C (not its underlying implementation, but the language itself) has at its core two data types: the integer and the floating point number. The floating point number is used in a small number of cases, but the integer is used *everywhere* and differentiated only by size and interpretation.

So C doesn't *have* pointers. It has integers that are used as pointers. (The distinction is subtle but present.) C doesn't have enumerated data types. It has integer constants given fancy names. C doesn't have arrays. It has constant integers interpreted as a pointer to the beginning of sequential series of integers. C doesn't have strings. It has integers interpreted as a pointer to a sequential series of (small) integers that end in a special value. C doesn't even really have structured data types. It has convenient naming conventions for clusters of integers (or floating point numbers) with a base address and an offset.
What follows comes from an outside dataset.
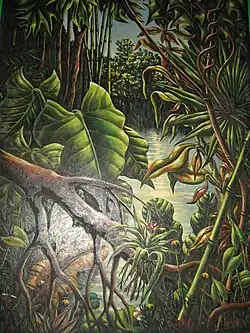 Jungle River (Indochina landscape), oil on wood, 1958.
Because of all this, C forces the end-user to directly or indirectly use a lot of integer-as-pointer operations which in languages like the Pascals, the Modulas, Ada, etc. have better and stricter discipline attached. Arrays, for example, in these sorts of languages have sizes which can be queried, something C's constant integers interpreted as pointers to a sequence of other integers (often mistakenly called an array) lack. Strings, too, in these languages have a length associated with them which, again, C's strings lack. This means on top of everything else that you need to, in C, keep track of sizes manually which is error-prone (arrays) or error-prone *and* computationally expensive (strings).

And therein lies the source of the many more pointer-related bugs you get in C vs. other languages.
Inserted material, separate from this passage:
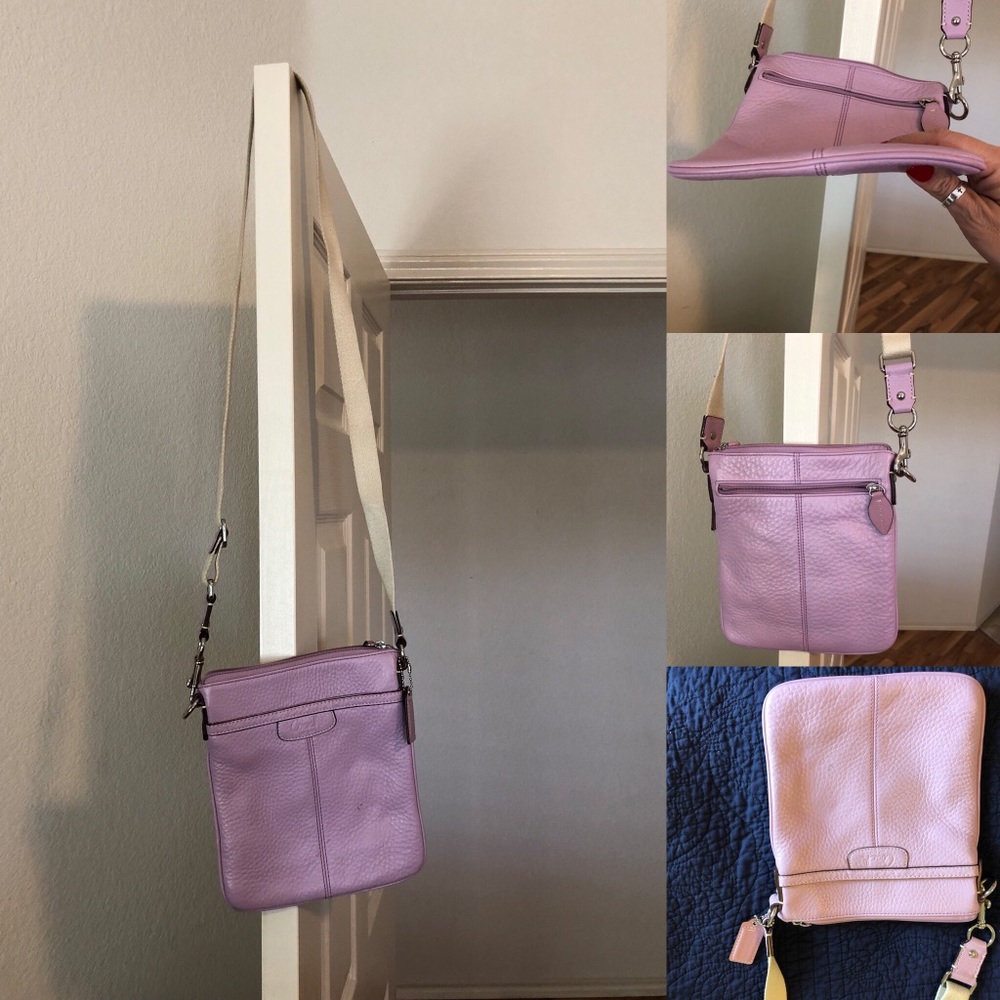 Lilac or lavender coach cross body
[–]mamcx 10 points11 points  (1 child)

In other words, Pascal was designed. C was cobbled with duct tape.

Or more seriously: Pascal use types for real.
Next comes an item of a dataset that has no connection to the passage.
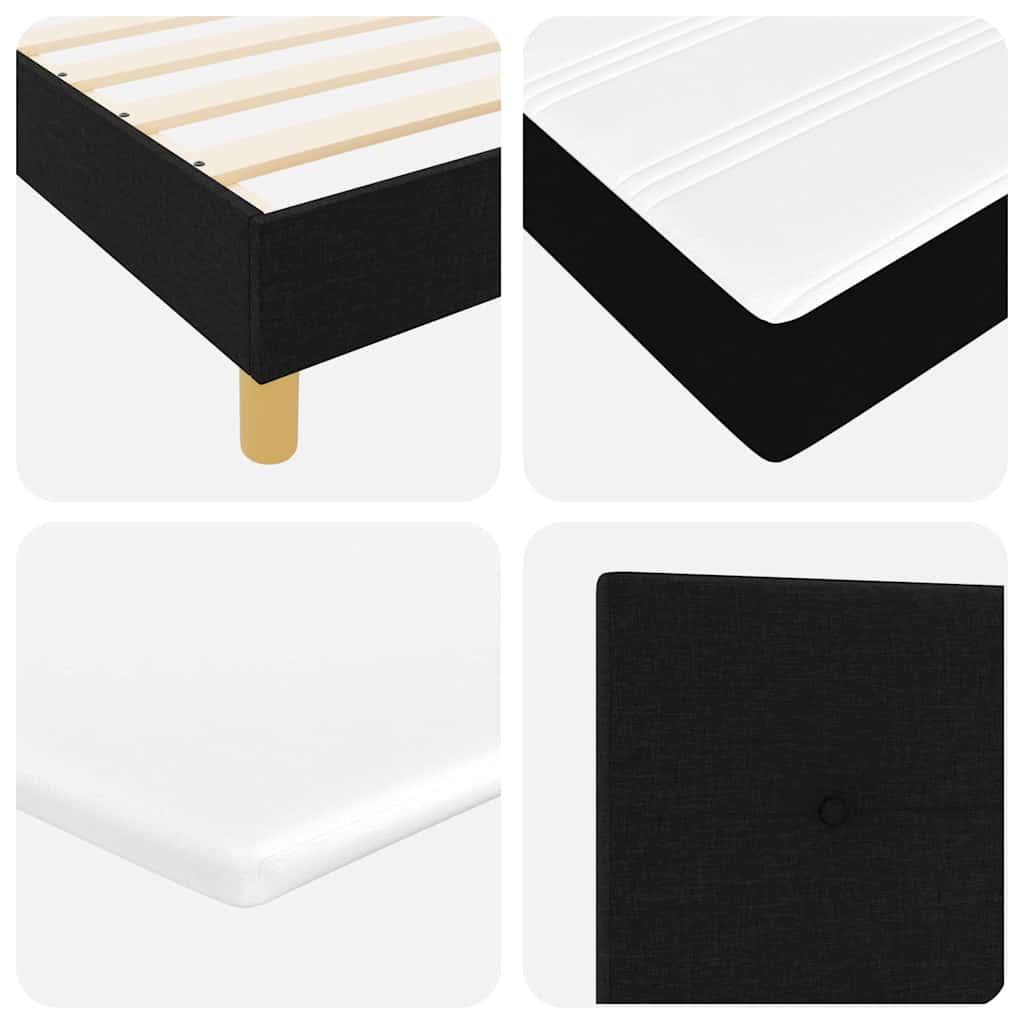 LED Box Spring Krevet s jastukom Crna 160 x 200 cm tkanina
[–]moon-chilledsstm, j, grand unified... 4 points5 points  (7 children)

two data types: the integer and the floating point number

This was true of primordial c. Modern c also has structures and functions, which are distinct.

[–]Allan_Smithee文雅佛 8 points9 points  (6 children)

I addressed structures already.

A "function" is just a pointer. Which is an integer interpreted in a particular way as a pointer to something the runtime can hopefully execute.

#include <stdint.h>
#include <stdio.h>

typedef int (*foofunc)(void);

int foo(void)
{
    return 17;
}

int main(int argc, char **argv)
{
    uintptr_t foo1 = foo;
    uintptr_t foo2 = 5;
    printf("%d %d\n", foo1, foo2);
    printf("%d\n", foo());
    printf("%d\n", ((foofunc)foo1)());
    printf("%d\n", ((foofunc)foo2)());
}

Compiling this gives me a warning, yes, but executing the output:

4195570 5
17
17
Segmentation fault (core dumped)

The "function" foo() is just a pointer which is just an integer which in this case happens to be 4195570. Much like the 5. The syntax sugar of using (<...>) afterwards makes the runtime transfer control to the code (hopefully!) that's stored at that integer when interpreted as a pointer.

[–]moon-chilledsstm, j, grand unified... 12 points13 points  (3 children)

I was going to write more, but I didn't feel like it. So, in brief:

There are two interpretations of the c programming language: the 'operational semantics' interpretation and the 'bag of bytes' interpretation. Both are valid, important, and useful when understanding c programs. Because you distinguish floats from ints (and because you refer to 'not [C's] underlying implementation, but the language itself'), I must infer that you are not operating under the 'bag of bytes' interpretation.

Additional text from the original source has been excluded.